Obwohl XNotar nicht geöffnet ist, meldet es beim Start

XNotar wurde schon gestartet. Ein zweiter Aufruf ist nicht möglich.

 Hier konnte durch ein unerwartetes Beenden von XNotar (z. B. über den Taskmanager) eine Sicherungsdatei nicht gelöscht werden, die einen zweiten Aufruf von XNotar verhindert.

Bitte löschen Sie die Datei „xnotar.running“ im .elrv Ordner direkt unter dem Windows Benutzer Verzeichnis:

  • Windows 8/7/Vista: C:Users.elrv
  • Windows XP: C:Dokumente und Einstellungen.elrv

Wenn Redirectet Folder für die Windows Benutzer verwendet werden, liegt der Ordner „.elrv“ in diesen.

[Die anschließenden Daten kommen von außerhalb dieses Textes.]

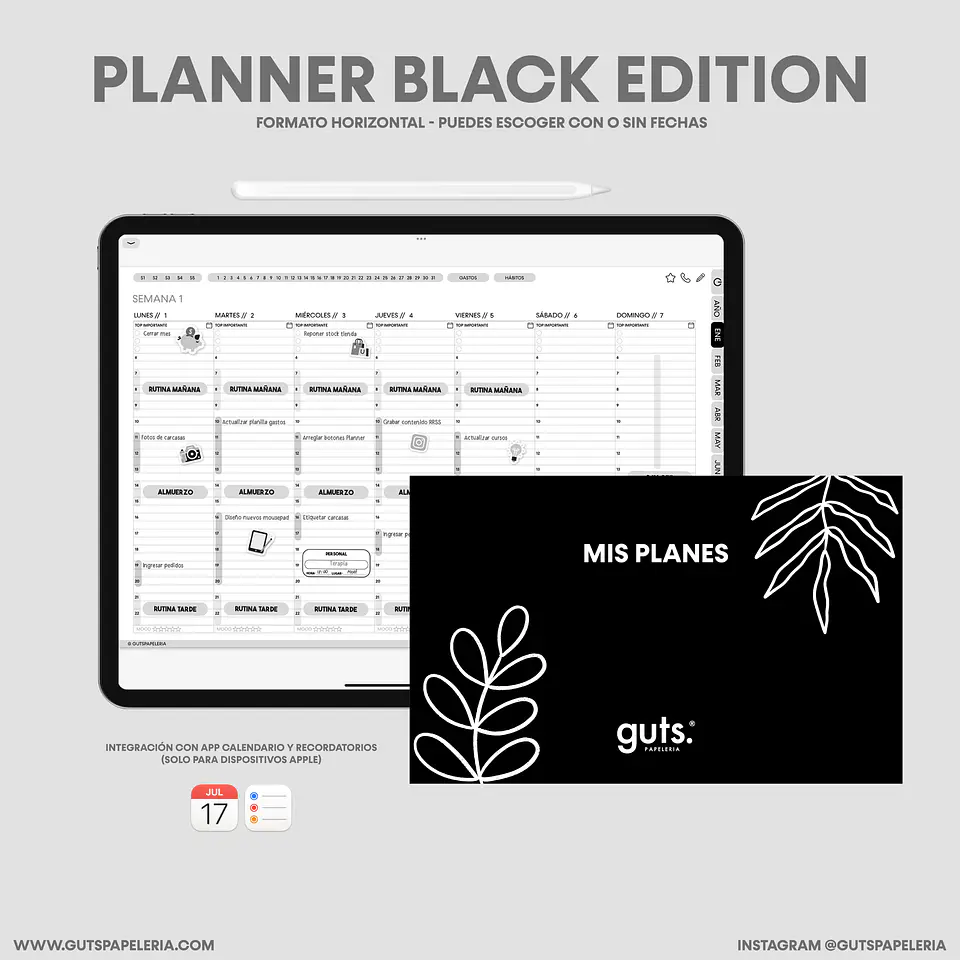 Planner Black Horizontal 1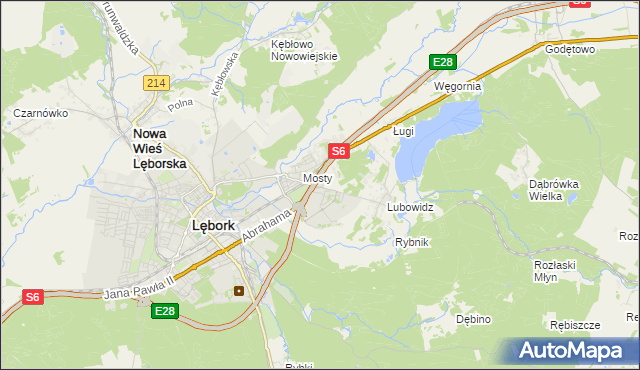 mapa Jamy gmina Nowa Wieś Lęborska, Jamy gmina Nowa Wieś Lęborska na mapie Targeo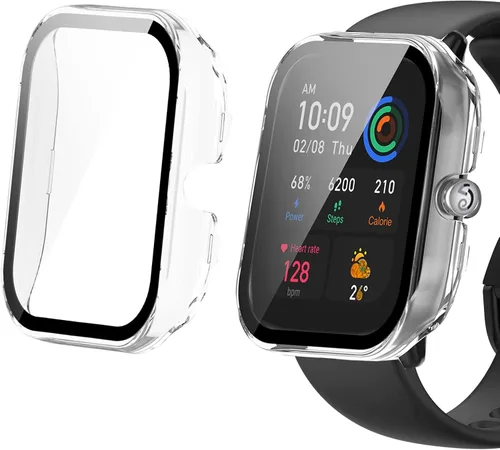 Vista 11 de Lamshaw Funda compatible con Amazfit GTS 4 Mini, carcasa protectora de policarbonato duro con protector de pantalla de vidrio templado compatible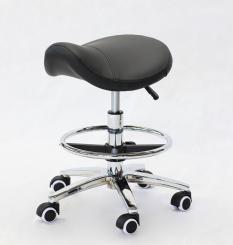 Sattel-Rollhocker Chrom-Fußkreuz mit Fußring schwarz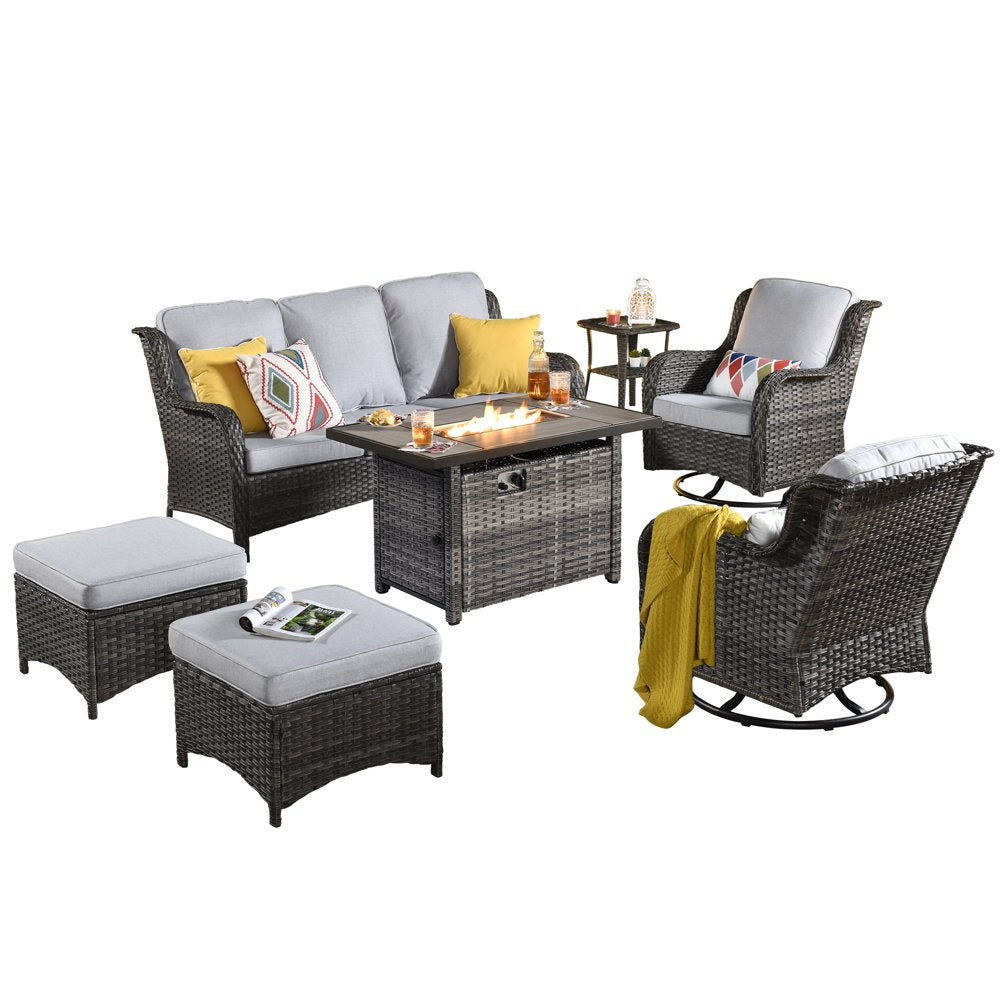 7 Seat Outdoor Patio Furniture Set with 42" Fire Table Wicker Conversation Set with Swivel Chair High Back Sectional Sofa for Balcony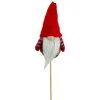 Outlet 11.5" Tiny Gray Faux Fur Santa Gnome with Red Hat and Striped Arms on a Stick Christmas Decoration Sprays, Picks & Branches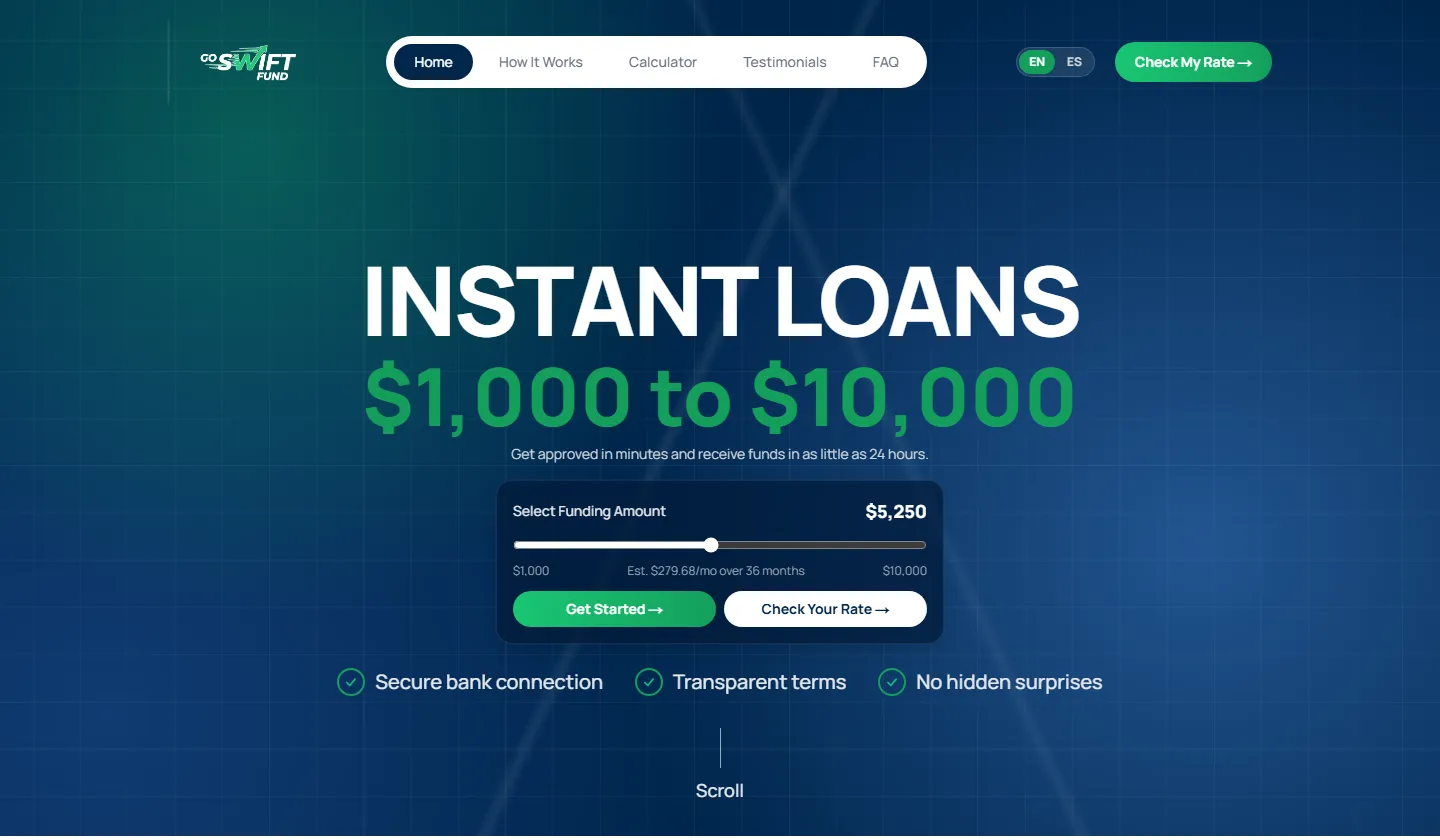 GoSwiftFund — A business-funding marketplace — apply once, link your bank, and get matched with a lending partner.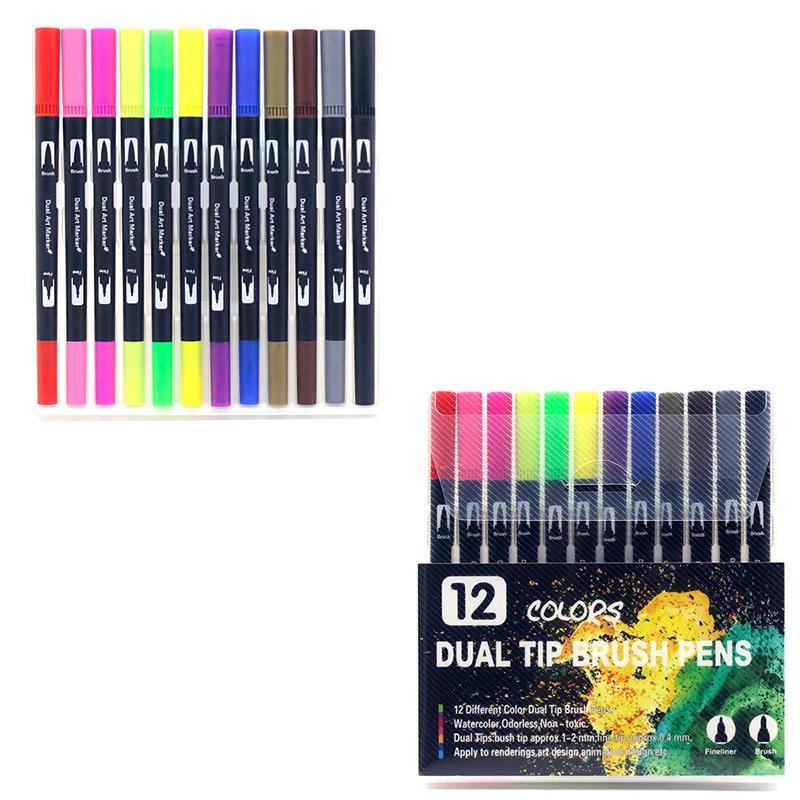 Watercolor Art Markers Brush Pen Set, Dual Tip Fineliner, Desenho para Caligrafia, Suprimentos de Pintura, 12 Cores, 48 Cores, 60 Cores, 72 Cores, 100 Cores, 132 Cores - Image 1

Für die Nutzung des EGVP-Moduls von XNotar ist der Anschluss des Arbeitsplatzes an die Registerbox oder das Notarnetz erforderlich ist. Bei dem ProGOV handelt es sich um eine für die Kommunikation erforderliche Serverkomponente.

Registerbox

Wird im Notariat eine Registerbox eingesetzt, muss an den betroffenen Arbeitsplätzen – soweit noch nicht geschehen -  eine „IP-Route“ zur Registerbox eingestellt werden.  Weitere Informationen entnehmen Sie bitte der „Anleitung zur Inbetriebnahme der Registerbox“, die Sie mit der Registerbox erhalten haben. Bitte wenden Sie sich ggf. an Ihren Systembetreuer. Sollte die Registerbox korrekt installiert sein und dennoch keine Verbindung zum Notanetz zustande kommen, starten Sie die Registerbox neu.

Proxy-Server

Ab XNotar 3.5 werden die allgemeinen Proxy-Einstellungen des Arbeitsplatzrechners verwendet. Sofern in XNotar unter Verwaltung -> Allgemein -> Reiter „Verbindung“ ein Proxyserver eingetragen ist, entfernen Sie bitte diesen Eintrag.

Weiterhin muss für die Verwendung des EGVP-Moduls „progov-osci.bnotk.de“ und (ab Version 3.6) sdv.bnotk.de als Ausnahme für den Proxy-Server in den Internetoptionen erfasst werden. Bitte wenden Sie sich ggf. auch hier an Ihren Systembetreuer.

Fehlersuche

Test 1

Besteht Zugang zum Notarnetz? Dies prüfen Sie durch ein Login im ZTR unter https://ztr.bnotk.de/

Funktioniert das Login nicht und es wird eine Registerbox eingesetzt, nehmen Sie die im Abschnitt "Registerbox" beschriebenen Einstellungen vor.

Test 2

Das Login im ZTR funktioniert.
Kann die Seite http://www.bnotk.de/egvppfmtest.html aufgerufen werden?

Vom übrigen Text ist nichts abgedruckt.